This indicates that carefully optimized SNARK circuits can outperform simpler implementation methods in virtual machines. The downside is that to achieve these speeds, EZKL and Halo2 must meticulously tune everything, and they still inherit the fundamental costs of polynomial commitments, FFTs, and proof algorithms.
In contrast, the new approaches of JOLT and DeepProve avoid most of the overhead from FFTs or high-order polynomials - JOLT limits itself to lookup operations (plus a new parameter for efficiently handling lookup operations), while DeepProve uses sum checks (which applies to multilinear polynomials and only requires lightweight hash commitments).
In classic SNARKs, a lot of time is spent computing operations like large FFTs or multi-scalar multiplications. GKR largely avoids FFTs by operating on Boolean hypercubes and multilinear extensions, while JOLT avoids the need for large FFTs required for lookups by not implementing gigantic tables from the start.
In terms of proof size and verification, there are trade-offs. JOLT and EZKL (Halo2) ultimately generate standard SNARK proofs (typically a few KB) that can be verified quickly (some pairings or some polynomial evaluations).
DeepProve's approach is similar to STARKs and may generate larger proofs (tens of KB to hundreds of KB, depending on the model). Verification, while much faster than rerunning the model, may involve more steps than validating concise KZG proofs.
The DeepProve team emphasizes that their verification speed is 671 times faster than simply recalculating an MLP using a GPU to check it, reducing verification time to about 0.5 seconds for fairly complex models.
This is a powerful result indicating that even if the proofs are larger, verifying them is much easier than performing the original AI computations (this is especially important if the verifier is a smart contract or a lightweight client with limited computing power). Halo2's proof sizes are smaller, and verification speeds are faster, but if the initial proof speeds are too slow for your application, this difference becomes moot.
An important aspect of efficiency is how these frameworks handle special operations. For example, in machine learning inference, we often encounter nonlinear steps (like ArgMax, ReLU, or Sigmoid). EZKL can handle ReLU by enforcing constraints using boolean selectors (which can itself be done through lookups or other constraints).
In contrast, JOLT can implement ReLU in the program (as a few CPU instructions based on symbolic branching) and prove these branches at low cost through lookups - essentially leveraging the CPU's comparison capabilities.
DeepProve can accommodate piecewise linear functions by incorporating them into the arithmetic circuits that GKR will verify, but highly nonlinear functions (like Sigmoid) might require polynomial or lookup approximations.

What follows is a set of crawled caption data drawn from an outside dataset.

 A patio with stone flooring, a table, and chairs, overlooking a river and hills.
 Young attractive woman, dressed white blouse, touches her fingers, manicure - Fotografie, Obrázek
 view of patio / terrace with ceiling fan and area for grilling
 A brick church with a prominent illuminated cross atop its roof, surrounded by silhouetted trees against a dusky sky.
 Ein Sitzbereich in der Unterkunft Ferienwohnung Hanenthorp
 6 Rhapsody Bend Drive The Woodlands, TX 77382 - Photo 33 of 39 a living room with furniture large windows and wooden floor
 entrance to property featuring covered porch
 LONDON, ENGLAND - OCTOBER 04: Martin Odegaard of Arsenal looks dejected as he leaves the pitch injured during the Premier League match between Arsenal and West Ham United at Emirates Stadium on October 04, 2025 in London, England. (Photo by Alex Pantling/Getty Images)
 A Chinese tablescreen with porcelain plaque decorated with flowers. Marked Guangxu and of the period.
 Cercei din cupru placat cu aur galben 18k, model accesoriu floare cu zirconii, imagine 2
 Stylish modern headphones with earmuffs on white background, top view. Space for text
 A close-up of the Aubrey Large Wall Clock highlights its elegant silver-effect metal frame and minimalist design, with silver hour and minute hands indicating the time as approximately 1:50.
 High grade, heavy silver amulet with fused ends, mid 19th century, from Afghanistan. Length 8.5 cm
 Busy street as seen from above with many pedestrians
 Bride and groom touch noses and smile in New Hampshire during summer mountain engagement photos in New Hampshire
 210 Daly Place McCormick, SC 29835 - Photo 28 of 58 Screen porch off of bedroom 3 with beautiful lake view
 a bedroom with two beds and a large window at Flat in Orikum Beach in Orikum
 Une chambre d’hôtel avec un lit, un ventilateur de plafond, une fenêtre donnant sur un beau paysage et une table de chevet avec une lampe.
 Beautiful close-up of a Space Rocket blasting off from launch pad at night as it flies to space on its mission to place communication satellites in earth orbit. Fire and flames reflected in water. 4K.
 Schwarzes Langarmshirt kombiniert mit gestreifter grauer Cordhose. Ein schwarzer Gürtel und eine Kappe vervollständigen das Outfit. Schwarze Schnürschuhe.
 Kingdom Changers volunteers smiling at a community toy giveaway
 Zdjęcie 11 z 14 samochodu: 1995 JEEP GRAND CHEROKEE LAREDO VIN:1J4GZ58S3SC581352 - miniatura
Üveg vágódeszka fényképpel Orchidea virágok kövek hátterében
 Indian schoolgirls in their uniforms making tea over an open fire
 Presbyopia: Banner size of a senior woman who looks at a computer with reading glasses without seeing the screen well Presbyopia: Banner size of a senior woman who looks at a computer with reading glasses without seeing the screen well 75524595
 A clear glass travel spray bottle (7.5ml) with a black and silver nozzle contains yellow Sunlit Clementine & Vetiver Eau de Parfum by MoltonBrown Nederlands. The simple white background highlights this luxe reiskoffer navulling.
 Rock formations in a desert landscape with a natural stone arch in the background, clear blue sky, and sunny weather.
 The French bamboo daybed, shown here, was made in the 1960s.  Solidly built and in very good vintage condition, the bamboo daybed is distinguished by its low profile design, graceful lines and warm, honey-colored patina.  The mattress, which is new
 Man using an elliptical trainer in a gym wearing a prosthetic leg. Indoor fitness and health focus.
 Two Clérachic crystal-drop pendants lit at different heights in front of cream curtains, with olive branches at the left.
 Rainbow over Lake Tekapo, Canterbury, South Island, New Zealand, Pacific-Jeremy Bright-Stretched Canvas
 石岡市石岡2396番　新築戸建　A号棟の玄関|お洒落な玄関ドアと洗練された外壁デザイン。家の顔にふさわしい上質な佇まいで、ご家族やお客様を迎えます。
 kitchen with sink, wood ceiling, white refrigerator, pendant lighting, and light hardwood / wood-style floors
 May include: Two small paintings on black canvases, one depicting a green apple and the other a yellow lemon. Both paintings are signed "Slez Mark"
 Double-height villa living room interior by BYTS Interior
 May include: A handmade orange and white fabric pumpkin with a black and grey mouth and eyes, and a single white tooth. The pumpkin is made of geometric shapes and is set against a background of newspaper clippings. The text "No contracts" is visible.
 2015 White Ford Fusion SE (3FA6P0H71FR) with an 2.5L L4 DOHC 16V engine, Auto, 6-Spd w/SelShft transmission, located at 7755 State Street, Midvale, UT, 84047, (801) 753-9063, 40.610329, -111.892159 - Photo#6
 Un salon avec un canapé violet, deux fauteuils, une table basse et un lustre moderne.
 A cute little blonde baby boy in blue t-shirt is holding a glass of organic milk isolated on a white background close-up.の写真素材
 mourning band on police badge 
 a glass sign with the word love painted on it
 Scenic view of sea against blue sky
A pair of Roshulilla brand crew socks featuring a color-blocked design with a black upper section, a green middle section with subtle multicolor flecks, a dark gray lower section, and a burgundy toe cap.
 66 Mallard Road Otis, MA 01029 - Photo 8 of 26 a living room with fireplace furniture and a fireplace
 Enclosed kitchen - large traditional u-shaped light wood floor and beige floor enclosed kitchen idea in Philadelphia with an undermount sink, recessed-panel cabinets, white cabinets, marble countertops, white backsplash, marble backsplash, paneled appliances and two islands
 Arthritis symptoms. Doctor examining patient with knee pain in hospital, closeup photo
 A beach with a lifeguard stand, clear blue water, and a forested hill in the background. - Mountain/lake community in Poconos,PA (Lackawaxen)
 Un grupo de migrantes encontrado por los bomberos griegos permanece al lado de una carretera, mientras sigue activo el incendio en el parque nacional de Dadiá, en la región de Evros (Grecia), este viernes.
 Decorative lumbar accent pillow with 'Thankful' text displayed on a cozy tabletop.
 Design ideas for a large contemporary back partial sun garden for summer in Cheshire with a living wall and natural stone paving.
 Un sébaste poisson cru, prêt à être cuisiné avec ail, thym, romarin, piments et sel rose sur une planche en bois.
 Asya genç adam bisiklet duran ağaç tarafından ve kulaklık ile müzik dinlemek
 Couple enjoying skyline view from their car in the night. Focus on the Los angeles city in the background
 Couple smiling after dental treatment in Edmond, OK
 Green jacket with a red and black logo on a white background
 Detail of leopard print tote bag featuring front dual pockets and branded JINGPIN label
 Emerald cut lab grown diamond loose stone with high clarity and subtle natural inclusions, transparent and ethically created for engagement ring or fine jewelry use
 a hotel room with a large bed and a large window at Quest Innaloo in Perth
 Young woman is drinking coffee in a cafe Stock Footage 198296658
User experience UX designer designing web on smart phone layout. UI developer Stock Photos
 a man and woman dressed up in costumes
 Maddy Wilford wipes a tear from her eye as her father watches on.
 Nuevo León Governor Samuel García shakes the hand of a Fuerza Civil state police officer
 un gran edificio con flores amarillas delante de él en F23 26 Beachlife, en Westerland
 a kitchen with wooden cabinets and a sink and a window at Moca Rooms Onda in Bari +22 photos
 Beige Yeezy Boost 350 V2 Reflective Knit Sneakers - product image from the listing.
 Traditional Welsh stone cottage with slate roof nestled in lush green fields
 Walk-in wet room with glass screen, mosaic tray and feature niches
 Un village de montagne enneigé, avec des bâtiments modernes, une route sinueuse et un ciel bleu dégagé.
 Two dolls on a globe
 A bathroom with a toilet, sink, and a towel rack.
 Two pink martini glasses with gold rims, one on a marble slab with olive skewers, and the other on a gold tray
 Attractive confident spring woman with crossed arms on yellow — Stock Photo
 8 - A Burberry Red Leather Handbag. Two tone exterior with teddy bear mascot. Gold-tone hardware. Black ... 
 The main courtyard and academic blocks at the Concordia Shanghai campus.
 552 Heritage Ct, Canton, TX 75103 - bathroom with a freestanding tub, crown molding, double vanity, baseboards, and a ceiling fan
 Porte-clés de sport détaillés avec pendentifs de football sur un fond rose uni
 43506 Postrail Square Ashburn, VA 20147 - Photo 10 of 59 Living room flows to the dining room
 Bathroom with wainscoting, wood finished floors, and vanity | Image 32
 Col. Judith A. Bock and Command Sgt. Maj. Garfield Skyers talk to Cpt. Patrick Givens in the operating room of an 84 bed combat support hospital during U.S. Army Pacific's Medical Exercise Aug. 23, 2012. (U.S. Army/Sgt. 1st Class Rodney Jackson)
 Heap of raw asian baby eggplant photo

Overall, the philosophy of JOLT is to make all peculiarities appear normal by executing actual code (including conditional statements, loops, etc.) and using lookup parameters to cover the logic of any operation.
The philosophy of Halo2 is to limit everything to polynomial equations (which can be cumbersome for complex computations), while GKR's philosophy is to break calculations down into recursively verifiable sums and products. The efficiency each method has in handling these issues will reflect in proof times: JOLT might excel at controlling logic, GKR might excel at large linear algebra operations, while Halo2 sits in between, balancing both but with higher overhead.
To verify Kinic proofs, we use the Internet Computer blockchain, as it handles larger scale proof verifications faster than other L1 blockchains. We are also not restricted by precompiled constraints, as precompiles require complex work to put JOLTx on-chain.
Scalability for large models
When we talk about scalability in zkML, we may refer to two things: handling large models (multi-layered, lots of parameters) and handling diverse models (different architectures or even dynamic models). We first consider large-scale deployment - assume you want to validate inference on a large CNN or a Transformer with millions of parameters.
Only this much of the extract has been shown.